== Task data ==

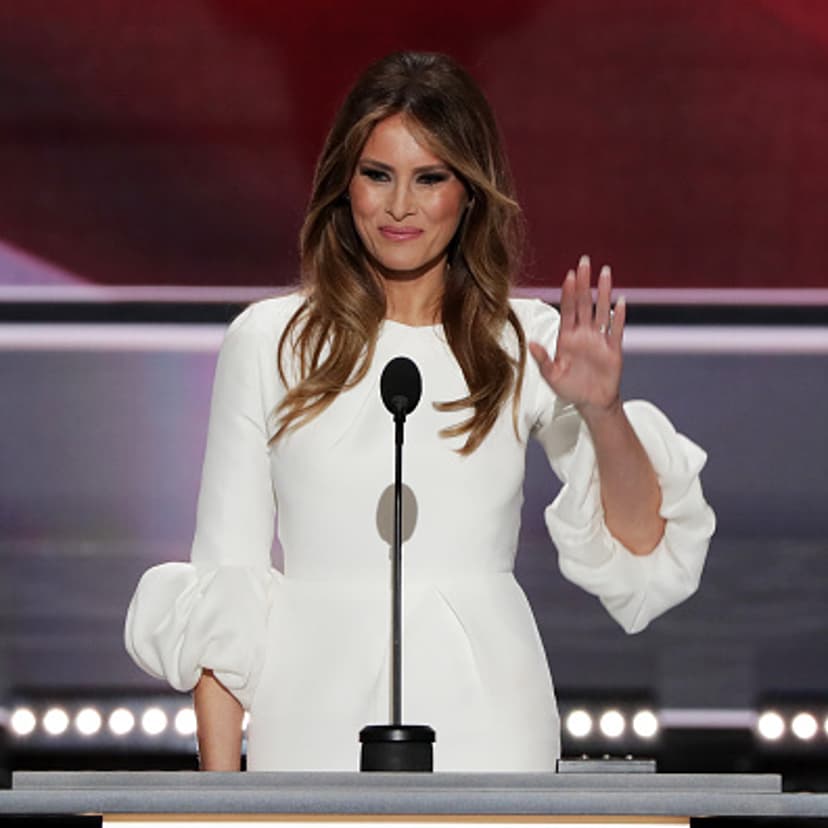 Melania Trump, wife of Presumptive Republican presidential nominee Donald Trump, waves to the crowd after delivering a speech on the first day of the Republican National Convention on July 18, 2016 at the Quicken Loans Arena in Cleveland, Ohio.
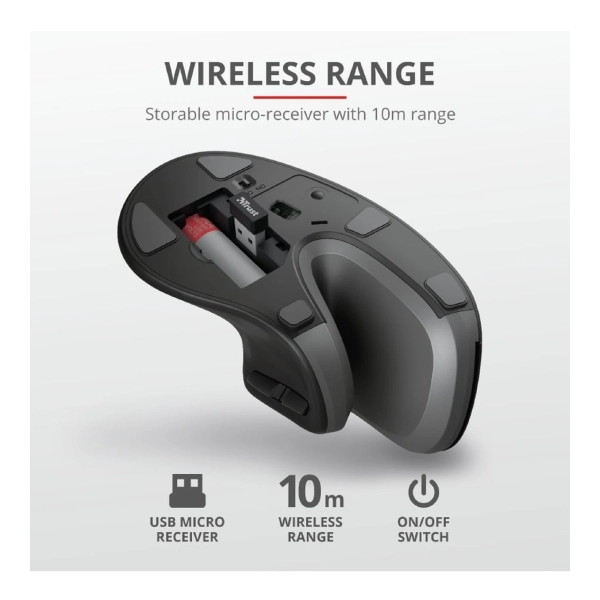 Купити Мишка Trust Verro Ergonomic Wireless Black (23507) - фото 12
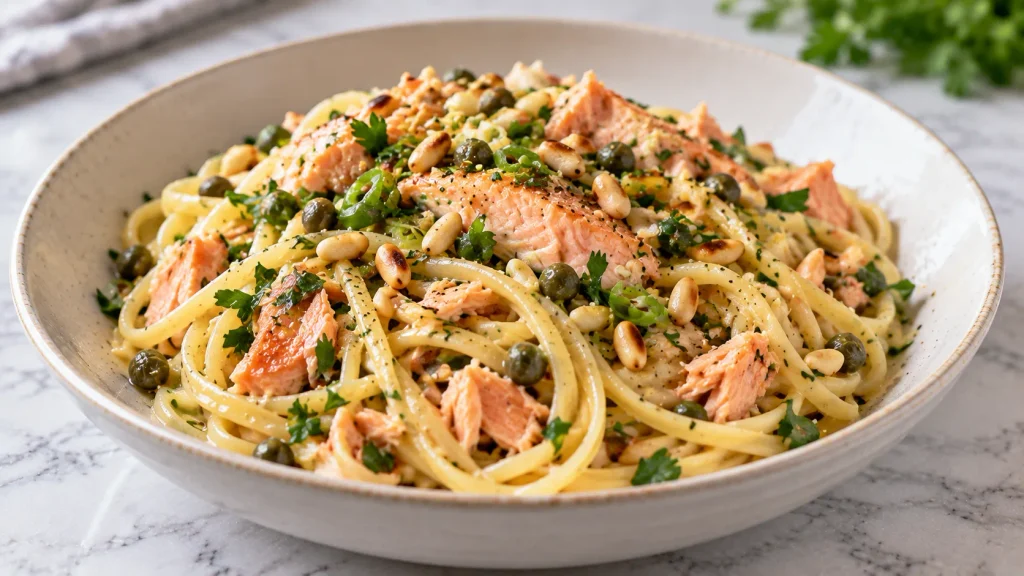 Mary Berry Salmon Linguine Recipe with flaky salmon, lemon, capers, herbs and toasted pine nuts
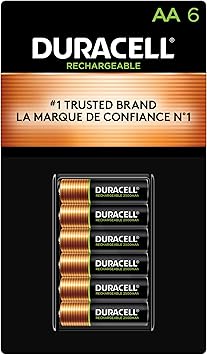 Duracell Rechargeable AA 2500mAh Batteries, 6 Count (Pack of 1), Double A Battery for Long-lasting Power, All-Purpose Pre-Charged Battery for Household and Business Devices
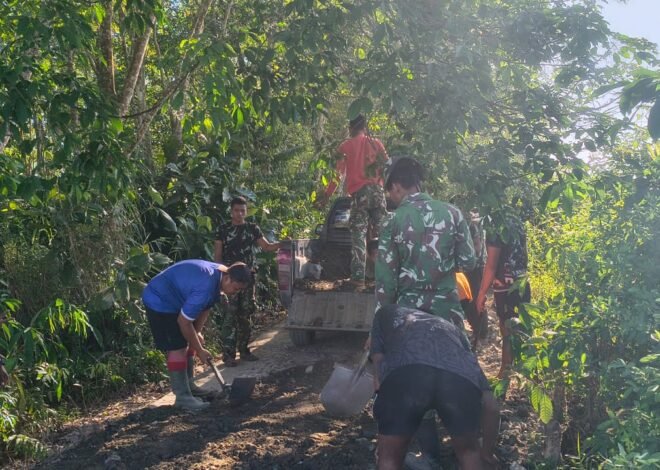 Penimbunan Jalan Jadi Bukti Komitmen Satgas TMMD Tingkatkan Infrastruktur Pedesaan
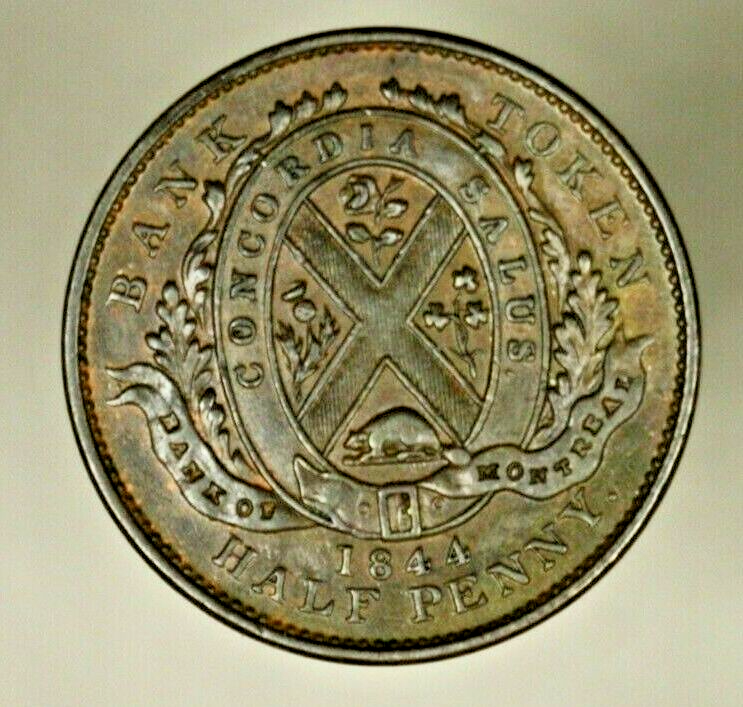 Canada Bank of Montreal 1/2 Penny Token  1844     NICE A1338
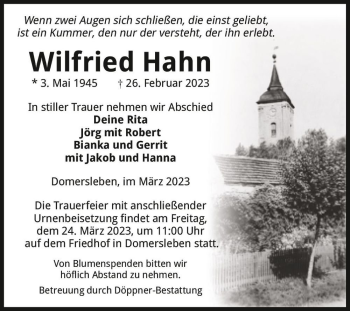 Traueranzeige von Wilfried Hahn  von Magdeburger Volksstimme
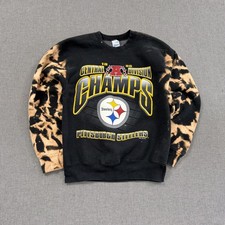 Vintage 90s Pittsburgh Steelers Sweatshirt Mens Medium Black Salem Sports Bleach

===
== Task data ==

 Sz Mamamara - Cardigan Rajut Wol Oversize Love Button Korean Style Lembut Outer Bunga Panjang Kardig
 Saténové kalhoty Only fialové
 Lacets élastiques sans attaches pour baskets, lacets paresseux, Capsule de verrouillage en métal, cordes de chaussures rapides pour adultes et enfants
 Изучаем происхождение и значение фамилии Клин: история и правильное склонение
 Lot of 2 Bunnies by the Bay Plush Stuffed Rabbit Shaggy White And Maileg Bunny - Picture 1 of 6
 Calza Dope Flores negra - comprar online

===
== Task data ==

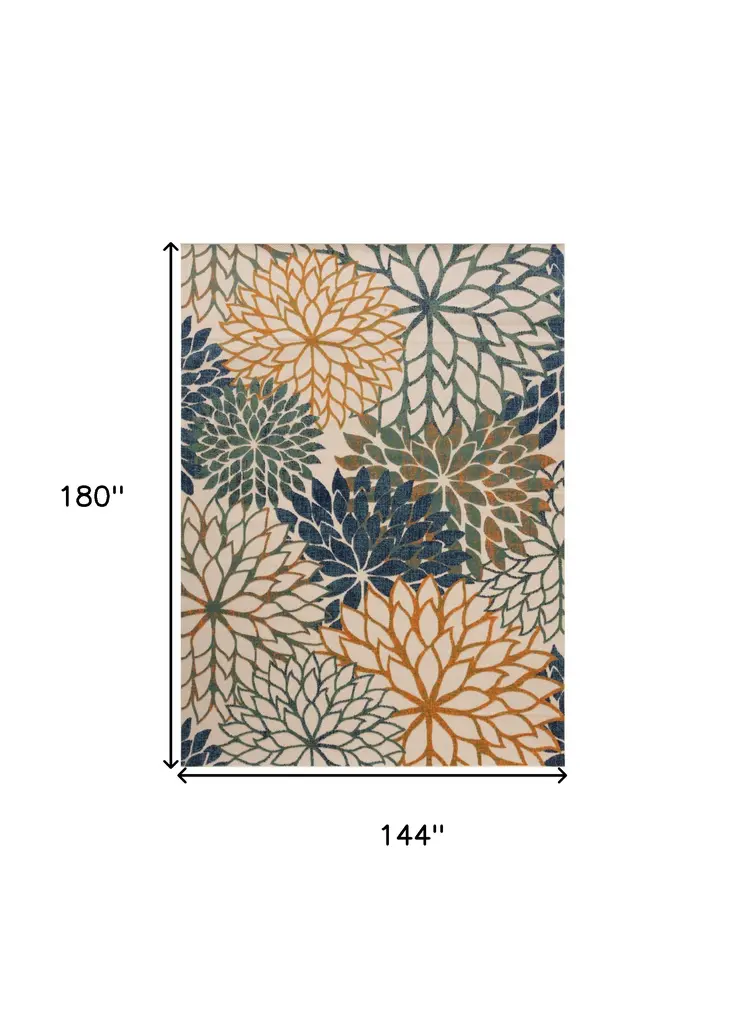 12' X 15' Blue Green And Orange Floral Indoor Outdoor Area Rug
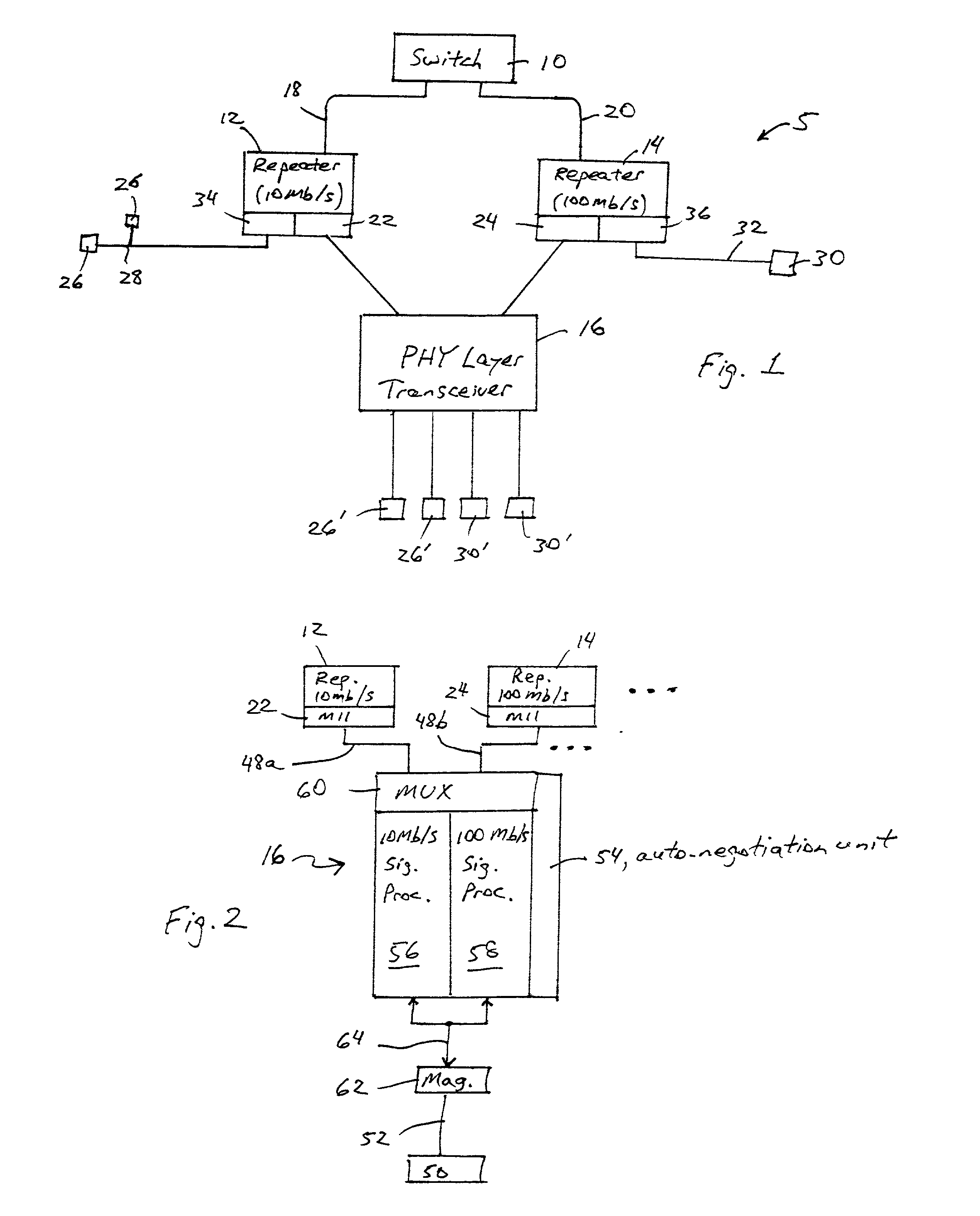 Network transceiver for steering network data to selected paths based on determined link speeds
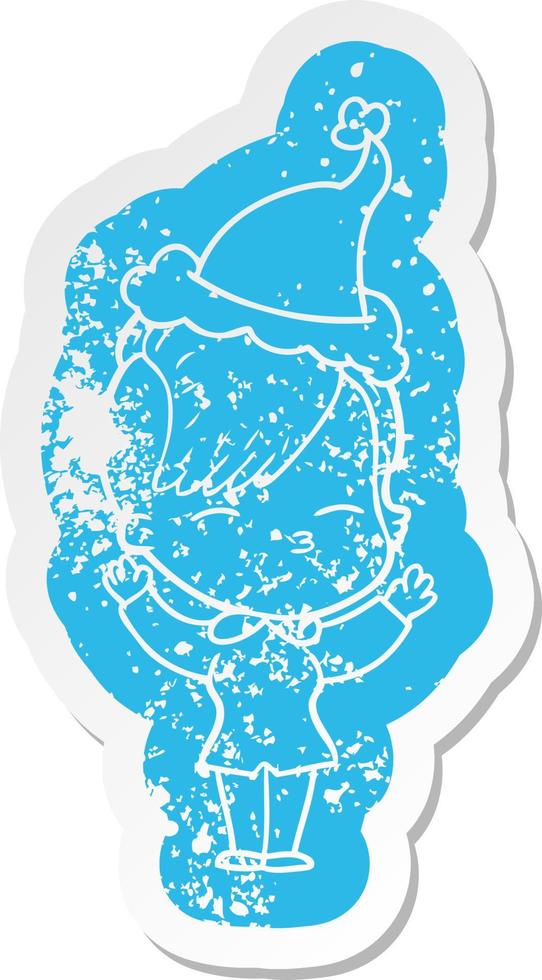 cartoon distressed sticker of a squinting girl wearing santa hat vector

===

- [Problem requirements] From the records above, copy only the lines running from the line holding "Melania Trump, wife" through the line holding "Vintage 90s Pittsburgh", with no pictures.

- [Your response]
 Melania Trump, wife of Presumptive Republican presidential nominee Donald Trump, waves to the crowd after delivering a speech on the first day of the Republican National Convention on July 18, 2016 at the Quicken Loans Arena in Cleveland, Ohio.
 Купити Мишка Trust Verro Ergonomic Wireless Black (23507) - фото 12
 Mary Berry Salmon Linguine Recipe with flaky salmon, lemon, capers, herbs and toasted pine nuts
 Duracell Rechargeable AA 2500mAh Batteries, 6 Count (Pack of 1), Double A Battery for Long-lasting Power, All-Purpose Pre-Charged Battery for Household and Business Devices
 Penimbunan Jalan Jadi Bukti Komitmen Satgas TMMD Tingkatkan Infrastruktur Pedesaan
 Canada Bank of Montreal 1/2 Penny Token  1844     NICE A1338
 Traueranzeige von Wilfried Hahn  von Magdeburger Volksstimme
 Vintage 90s Pittsburgh Steelers Sweatshirt Mens Medium Black Salem Sports Bleach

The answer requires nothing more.